• [Data provided]
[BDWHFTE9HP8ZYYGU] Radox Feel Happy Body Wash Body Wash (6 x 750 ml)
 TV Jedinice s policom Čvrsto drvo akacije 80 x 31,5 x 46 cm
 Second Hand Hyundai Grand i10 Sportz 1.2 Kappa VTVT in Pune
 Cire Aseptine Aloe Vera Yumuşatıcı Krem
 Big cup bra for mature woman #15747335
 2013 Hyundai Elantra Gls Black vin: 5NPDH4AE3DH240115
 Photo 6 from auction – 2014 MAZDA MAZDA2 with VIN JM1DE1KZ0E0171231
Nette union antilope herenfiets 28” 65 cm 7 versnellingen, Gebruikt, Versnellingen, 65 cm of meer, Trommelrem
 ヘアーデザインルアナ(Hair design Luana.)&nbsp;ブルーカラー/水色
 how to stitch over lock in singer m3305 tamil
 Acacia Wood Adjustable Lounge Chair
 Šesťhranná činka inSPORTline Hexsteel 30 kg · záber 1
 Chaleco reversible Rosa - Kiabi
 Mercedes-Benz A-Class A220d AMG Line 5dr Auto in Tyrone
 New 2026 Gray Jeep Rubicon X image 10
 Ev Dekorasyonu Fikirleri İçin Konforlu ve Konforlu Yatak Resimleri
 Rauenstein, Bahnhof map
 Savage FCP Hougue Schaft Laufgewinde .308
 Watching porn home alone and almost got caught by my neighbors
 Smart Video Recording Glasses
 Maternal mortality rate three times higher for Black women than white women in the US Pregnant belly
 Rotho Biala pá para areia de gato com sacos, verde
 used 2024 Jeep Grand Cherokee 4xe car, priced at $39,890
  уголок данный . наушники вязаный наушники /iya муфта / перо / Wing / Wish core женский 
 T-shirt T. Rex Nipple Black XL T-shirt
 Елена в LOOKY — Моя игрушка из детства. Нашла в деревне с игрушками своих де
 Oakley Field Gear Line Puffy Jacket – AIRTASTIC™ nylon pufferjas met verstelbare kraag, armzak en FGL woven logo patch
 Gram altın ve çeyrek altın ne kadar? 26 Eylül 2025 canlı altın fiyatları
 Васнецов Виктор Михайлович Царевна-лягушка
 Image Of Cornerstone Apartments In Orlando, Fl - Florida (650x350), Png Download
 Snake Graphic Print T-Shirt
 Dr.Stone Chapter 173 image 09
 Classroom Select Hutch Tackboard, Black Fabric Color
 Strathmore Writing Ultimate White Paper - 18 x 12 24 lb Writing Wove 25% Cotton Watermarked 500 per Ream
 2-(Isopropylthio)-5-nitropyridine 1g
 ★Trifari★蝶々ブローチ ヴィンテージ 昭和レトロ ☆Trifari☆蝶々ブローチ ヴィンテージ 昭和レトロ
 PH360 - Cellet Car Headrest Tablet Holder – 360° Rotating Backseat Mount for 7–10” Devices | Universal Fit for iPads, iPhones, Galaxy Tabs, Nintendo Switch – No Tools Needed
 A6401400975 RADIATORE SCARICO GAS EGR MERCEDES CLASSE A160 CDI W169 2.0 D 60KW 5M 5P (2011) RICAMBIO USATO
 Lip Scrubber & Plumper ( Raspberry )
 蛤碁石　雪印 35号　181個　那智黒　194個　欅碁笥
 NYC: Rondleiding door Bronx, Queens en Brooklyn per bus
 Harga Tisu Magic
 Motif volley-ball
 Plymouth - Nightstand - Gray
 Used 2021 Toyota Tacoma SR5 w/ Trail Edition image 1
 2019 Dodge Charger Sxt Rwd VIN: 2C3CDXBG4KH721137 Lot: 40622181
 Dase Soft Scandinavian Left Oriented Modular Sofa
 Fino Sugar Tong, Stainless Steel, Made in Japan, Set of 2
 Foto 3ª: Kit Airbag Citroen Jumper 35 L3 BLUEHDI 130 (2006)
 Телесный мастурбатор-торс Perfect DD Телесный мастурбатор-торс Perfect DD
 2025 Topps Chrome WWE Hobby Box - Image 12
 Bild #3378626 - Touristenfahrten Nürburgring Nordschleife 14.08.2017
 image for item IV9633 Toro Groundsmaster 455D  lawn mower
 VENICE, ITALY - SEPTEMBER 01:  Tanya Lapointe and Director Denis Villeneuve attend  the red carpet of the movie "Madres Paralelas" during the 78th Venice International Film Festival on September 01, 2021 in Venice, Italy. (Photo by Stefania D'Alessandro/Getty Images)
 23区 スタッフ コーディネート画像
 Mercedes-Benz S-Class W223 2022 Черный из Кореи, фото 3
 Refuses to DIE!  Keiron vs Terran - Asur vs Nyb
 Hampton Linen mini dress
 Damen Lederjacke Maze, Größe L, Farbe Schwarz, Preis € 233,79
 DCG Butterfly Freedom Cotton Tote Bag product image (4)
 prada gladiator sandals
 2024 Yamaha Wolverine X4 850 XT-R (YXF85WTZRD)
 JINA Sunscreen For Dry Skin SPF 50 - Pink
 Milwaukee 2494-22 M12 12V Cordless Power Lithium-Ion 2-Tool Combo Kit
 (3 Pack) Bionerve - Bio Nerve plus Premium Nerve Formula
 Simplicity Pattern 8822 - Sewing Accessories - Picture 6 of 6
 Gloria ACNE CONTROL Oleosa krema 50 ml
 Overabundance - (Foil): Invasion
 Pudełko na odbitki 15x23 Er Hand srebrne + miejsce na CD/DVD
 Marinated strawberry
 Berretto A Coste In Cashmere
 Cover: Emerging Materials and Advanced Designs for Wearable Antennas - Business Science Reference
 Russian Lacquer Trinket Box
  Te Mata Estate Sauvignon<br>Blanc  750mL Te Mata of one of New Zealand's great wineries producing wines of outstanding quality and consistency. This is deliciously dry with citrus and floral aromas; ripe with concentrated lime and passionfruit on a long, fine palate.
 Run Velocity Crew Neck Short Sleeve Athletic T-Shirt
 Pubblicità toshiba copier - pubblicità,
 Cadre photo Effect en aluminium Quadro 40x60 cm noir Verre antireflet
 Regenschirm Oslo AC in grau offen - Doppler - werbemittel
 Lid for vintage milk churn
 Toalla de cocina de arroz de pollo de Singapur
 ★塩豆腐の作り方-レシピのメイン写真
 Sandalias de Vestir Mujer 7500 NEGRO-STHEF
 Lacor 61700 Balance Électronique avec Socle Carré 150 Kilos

• [Task details] The data must be given again in full, exactly as written.

• [Solution]
[BDWHFTE9HP8ZYYGU] Radox Feel Happy Body Wash Body Wash (6 x 750 ml)
 TV Jedinice s policom Čvrsto drvo akacije 80 x 31,5 x 46 cm
 Second Hand Hyundai Grand i10 Sportz 1.2 Kappa VTVT in Pune
 Cire Aseptine Aloe Vera Yumuşatıcı Krem
 Big cup bra for mature woman #15747335
 2013 Hyundai Elantra Gls Black vin: 5NPDH4AE3DH240115
 Photo 6 from auction – 2014 MAZDA MAZDA2 with VIN JM1DE1KZ0E0171231
Nette union antilope herenfiets 28” 65 cm 7 versnellingen, Gebruikt, Versnellingen, 65 cm of meer, Trommelrem
 ヘアーデザインルアナ(Hair design Luana.)&nbsp;ブルーカラー/水色
 how to stitch over lock in singer m3305 tamil
 Acacia Wood Adjustable Lounge Chair
 Šesťhranná činka inSPORTline Hexsteel 30 kg · záber 1
 Chaleco reversible Rosa - Kiabi
 Mercedes-Benz A-Class A220d AMG Line 5dr Auto in Tyrone
 New 2026 Gray Jeep Rubicon X image 10
 Ev Dekorasyonu Fikirleri İçin Konforlu ve Konforlu Yatak Resimleri
 Rauenstein, Bahnhof map
 Savage FCP Hougue Schaft Laufgewinde .308
 Watching porn home alone and almost got caught by my neighbors
 Smart Video Recording Glasses
 Maternal mortality rate three times higher for Black women than white women in the US Pregnant belly
 Rotho Biala pá para areia de gato com sacos, verde
 used 2024 Jeep Grand Cherokee 4xe car, priced at $39,890
  уголок данный . наушники вязаный наушники /iya муфта / перо / Wing / Wish core женский 
 T-shirt T. Rex Nipple Black XL T-shirt
 Елена в LOOKY — Моя игрушка из детства. Нашла в деревне с игрушками своих де
 Oakley Field Gear Line Puffy Jacket – AIRTASTIC™ nylon pufferjas met verstelbare kraag, armzak en FGL woven logo patch
 Gram altın ve çeyrek altın ne kadar? 26 Eylül 2025 canlı altın fiyatları
 Васнецов Виктор Михайлович Царевна-лягушка
 Image Of Cornerstone Apartments In Orlando, Fl - Florida (650x350), Png Download
 Snake Graphic Print T-Shirt
 Dr.Stone Chapter 173 image 09
 Classroom Select Hutch Tackboard, Black Fabric Color
 Strathmore Writing Ultimate White Paper - 18 x 12 24 lb Writing Wove 25% Cotton Watermarked 500 per Ream
 2-(Isopropylthio)-5-nitropyridine 1g
 ★Trifari★蝶々ブローチ ヴィンテージ 昭和レトロ ☆Trifari☆蝶々ブローチ ヴィンテージ 昭和レトロ
 PH360 - Cellet Car Headrest Tablet Holder – 360° Rotating Backseat Mount for 7–10” Devices | Universal Fit for iPads, iPhones, Galaxy Tabs, Nintendo Switch – No Tools Needed
 A6401400975 RADIATORE SCARICO GAS EGR MERCEDES CLASSE A160 CDI W169 2.0 D 60KW 5M 5P (2011) RICAMBIO USATO
 Lip Scrubber & Plumper ( Raspberry )
 蛤碁石　雪印 35号　181個　那智黒　194個　欅碁笥
 NYC: Rondleiding door Bronx, Queens en Brooklyn per bus
 Harga Tisu Magic
 Motif volley-ball
 Plymouth - Nightstand - Gray
 Used 2021 Toyota Tacoma SR5 w/ Trail Edition image 1
 2019 Dodge Charger Sxt Rwd VIN: 2C3CDXBG4KH721137 Lot: 40622181
 Dase Soft Scandinavian Left Oriented Modular Sofa
 Fino Sugar Tong, Stainless Steel, Made in Japan, Set of 2
 Foto 3ª: Kit Airbag Citroen Jumper 35 L3 BLUEHDI 130 (2006)
 Телесный мастурбатор-торс Perfect DD Телесный мастурбатор-торс Perfect DD
 2025 Topps Chrome WWE Hobby Box - Image 12
 Bild #3378626 - Touristenfahrten Nürburgring Nordschleife 14.08.2017
 image for item IV9633 Toro Groundsmaster 455D  lawn mower
 VENICE, ITALY - SEPTEMBER 01:  Tanya Lapointe and Director Denis Villeneuve attend  the red carpet of the movie "Madres Paralelas" during the 78th Venice International Film Festival on September 01, 2021 in Venice, Italy. (Photo by Stefania D'Alessandro/Getty Images)
 23区 スタッフ コーディネート画像
 Mercedes-Benz S-Class W223 2022 Черный из Кореи, фото 3
 Refuses to DIE!  Keiron vs Terran - Asur vs Nyb
 Hampton Linen mini dress
 Damen Lederjacke Maze, Größe L, Farbe Schwarz, Preis € 233,79
 DCG Butterfly Freedom Cotton Tote Bag product image (4)
 prada gladiator sandals
 2024 Yamaha Wolverine X4 850 XT-R (YXF85WTZRD)
 JINA Sunscreen For Dry Skin SPF 50 - Pink
 Milwaukee 2494-22 M12 12V Cordless Power Lithium-Ion 2-Tool Combo Kit
 (3 Pack) Bionerve - Bio Nerve plus Premium Nerve Formula
 Simplicity Pattern 8822 - Sewing Accessories - Picture 6 of 6
 Gloria ACNE CONTROL Oleosa krema 50 ml
 Overabundance - (Foil): Invasion
 Pudełko na odbitki 15x23 Er Hand srebrne + miejsce na CD/DVD
 Marinated strawberry
 Berretto A Coste In Cashmere
 Cover: Emerging Materials and Advanced Designs for Wearable Antennas - Business Science Reference
 Russian Lacquer Trinket Box
  Te Mata Estate Sauvignon<br>Blanc  750mL Te Mata of one of New Zealand's great wineries producing wines of outstanding quality and consistency. This is deliciously dry with citrus and floral aromas; ripe with concentrated lime and passionfruit on a long, fine palate.
 Run Velocity Crew Neck Short Sleeve Athletic T-Shirt
 Pubblicità toshiba copier - pubblicità,
 Cadre photo Effect en aluminium Quadro 40x60 cm noir Verre antireflet
 Regenschirm Oslo AC in grau offen - Doppler - werbemittel
 Lid for vintage milk churn
 Toalla de cocina de arroz de pollo de Singapur
 ★塩豆腐の作り方-レシピのメイン写真
 Sandalias de Vestir Mujer 7500 NEGRO-STHEF
 Lacor 61700 Balance Électronique avec Socle Carré 150 Kilos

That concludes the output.